→ **Exercise brief**
Every entry has to be output exactly, with none skipped.

→ **Listed entries**
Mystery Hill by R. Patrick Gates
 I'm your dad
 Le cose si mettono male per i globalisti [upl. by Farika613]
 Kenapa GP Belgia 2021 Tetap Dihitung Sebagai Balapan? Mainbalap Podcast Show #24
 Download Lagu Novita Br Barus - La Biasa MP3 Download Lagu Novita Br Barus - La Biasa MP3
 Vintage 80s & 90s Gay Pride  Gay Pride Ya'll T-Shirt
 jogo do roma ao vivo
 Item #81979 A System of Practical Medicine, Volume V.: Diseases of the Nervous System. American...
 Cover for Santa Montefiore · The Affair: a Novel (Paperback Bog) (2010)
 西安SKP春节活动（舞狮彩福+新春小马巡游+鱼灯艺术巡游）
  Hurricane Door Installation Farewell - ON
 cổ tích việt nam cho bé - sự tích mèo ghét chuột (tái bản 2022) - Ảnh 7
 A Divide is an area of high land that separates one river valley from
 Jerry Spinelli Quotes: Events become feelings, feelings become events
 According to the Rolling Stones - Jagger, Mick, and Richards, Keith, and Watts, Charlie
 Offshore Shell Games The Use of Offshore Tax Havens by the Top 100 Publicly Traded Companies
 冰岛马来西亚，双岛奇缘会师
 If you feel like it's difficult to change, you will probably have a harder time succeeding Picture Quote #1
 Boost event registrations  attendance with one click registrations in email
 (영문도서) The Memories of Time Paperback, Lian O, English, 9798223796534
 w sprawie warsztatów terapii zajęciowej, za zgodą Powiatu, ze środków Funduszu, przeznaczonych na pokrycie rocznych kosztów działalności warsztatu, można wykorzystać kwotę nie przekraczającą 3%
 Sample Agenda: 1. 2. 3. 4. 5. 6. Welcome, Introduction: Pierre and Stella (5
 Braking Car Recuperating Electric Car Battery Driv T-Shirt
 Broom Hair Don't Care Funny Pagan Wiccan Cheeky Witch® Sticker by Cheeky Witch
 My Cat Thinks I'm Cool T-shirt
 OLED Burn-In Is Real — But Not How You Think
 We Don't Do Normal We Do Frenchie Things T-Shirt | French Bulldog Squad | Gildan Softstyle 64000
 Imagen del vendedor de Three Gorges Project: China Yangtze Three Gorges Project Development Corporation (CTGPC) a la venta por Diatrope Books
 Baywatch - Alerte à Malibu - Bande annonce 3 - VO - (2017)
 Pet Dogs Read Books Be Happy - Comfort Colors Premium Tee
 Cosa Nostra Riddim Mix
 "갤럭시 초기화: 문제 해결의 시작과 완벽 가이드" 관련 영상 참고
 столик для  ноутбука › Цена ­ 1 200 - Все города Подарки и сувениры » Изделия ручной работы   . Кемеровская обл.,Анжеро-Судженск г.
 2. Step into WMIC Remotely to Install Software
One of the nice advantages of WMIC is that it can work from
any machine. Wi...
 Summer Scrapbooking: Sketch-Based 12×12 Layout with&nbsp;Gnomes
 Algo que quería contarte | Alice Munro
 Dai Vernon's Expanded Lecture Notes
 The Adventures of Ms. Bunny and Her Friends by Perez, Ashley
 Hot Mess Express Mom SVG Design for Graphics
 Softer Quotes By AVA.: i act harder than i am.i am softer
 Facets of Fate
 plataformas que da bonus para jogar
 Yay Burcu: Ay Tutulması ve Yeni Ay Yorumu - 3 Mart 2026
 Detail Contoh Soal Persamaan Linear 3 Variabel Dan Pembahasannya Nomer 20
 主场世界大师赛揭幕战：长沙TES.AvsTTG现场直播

→ **Answer area**
Mystery Hill by R. Patrick Gates
 I'm your dad
 Le cose si mettono male per i globalisti [upl. by Farika613]
 Kenapa GP Belgia 2021 Tetap Dihitung Sebagai Balapan? Mainbalap Podcast Show #24
 Download Lagu Novita Br Barus - La Biasa MP3 Download Lagu Novita Br Barus - La Biasa MP3
 Vintage 80s & 90s Gay Pride  Gay Pride Ya'll T-Shirt
 jogo do roma ao vivo
 Item #81979 A System of Practical Medicine, Volume V.: Diseases of the Nervous System. American...
 Cover for Santa Montefiore · The Affair: a Novel (Paperback Bog) (2010)
 西安SKP春节活动（舞狮彩福+新春小马巡游+鱼灯艺术巡游）
  Hurricane Door Installation Farewell - ON
 cổ tích việt nam cho bé - sự tích mèo ghét chuột (tái bản 2022) - Ảnh 7
 A Divide is an area of high land that separates one river valley from
 Jerry Spinelli Quotes: Events become feelings, feelings become events
 According to the Rolling Stones - Jagger, Mick, and Richards, Keith, and Watts, Charlie
 Offshore Shell Games The Use of Offshore Tax Havens by the Top 100 Publicly Traded Companies
 冰岛马来西亚，双岛奇缘会师
 If you feel like it's difficult to change, you will probably have a harder time succeeding Picture Quote #1
 Boost event registrations  attendance with one click registrations in email
 (영문도서) The Memories of Time Paperback, Lian O, English, 9798223796534
 w sprawie warsztatów terapii zajęciowej, za zgodą Powiatu, ze środków Funduszu, przeznaczonych na pokrycie rocznych kosztów działalności warsztatu, można wykorzystać kwotę nie przekraczającą 3%
 Sample Agenda: 1. 2. 3. 4. 5. 6. Welcome, Introduction: Pierre and Stella (5
 Braking Car Recuperating Electric Car Battery Driv T-Shirt
 Broom Hair Don't Care Funny Pagan Wiccan Cheeky Witch® Sticker by Cheeky Witch
 My Cat Thinks I'm Cool T-shirt
 OLED Burn-In Is Real — But Not How You Think
 We Don't Do Normal We Do Frenchie Things T-Shirt | French Bulldog Squad | Gildan Softstyle 64000
 Imagen del vendedor de Three Gorges Project: China Yangtze Three Gorges Project Development Corporation (CTGPC) a la venta por Diatrope Books
 Baywatch - Alerte à Malibu - Bande annonce 3 - VO - (2017)
 Pet Dogs Read Books Be Happy - Comfort Colors Premium Tee
 Cosa Nostra Riddim Mix
 "갤럭시 초기화: 문제 해결의 시작과 완벽 가이드" 관련 영상 참고
 столик для  ноутбука › Цена ­ 1 200 - Все города Подарки и сувениры » Изделия ручной работы   . Кемеровская обл.,Анжеро-Судженск г.
 2. Step into WMIC Remotely to Install Software
One of the nice advantages of WMIC is that it can work from
any machine. Wi...
 Summer Scrapbooking: Sketch-Based 12×12 Layout with&nbsp;Gnomes
 Algo que quería contarte | Alice Munro
 Dai Vernon's Expanded Lecture Notes
 The Adventures of Ms. Bunny and Her Friends by Perez, Ashley
 Hot Mess Express Mom SVG Design for Graphics
 Softer Quotes By AVA.: i act harder than i am.i am softer
 Facets of Fate
 plataformas que da bonus para jogar
 Yay Burcu: Ay Tutulması ve Yeni Ay Yorumu - 3 Mart 2026
 Detail Contoh Soal Persamaan Linear 3 Variabel Dan Pembahasannya Nomer 20
 主场世界大师赛揭幕战：长沙TES.AvsTTG现场直播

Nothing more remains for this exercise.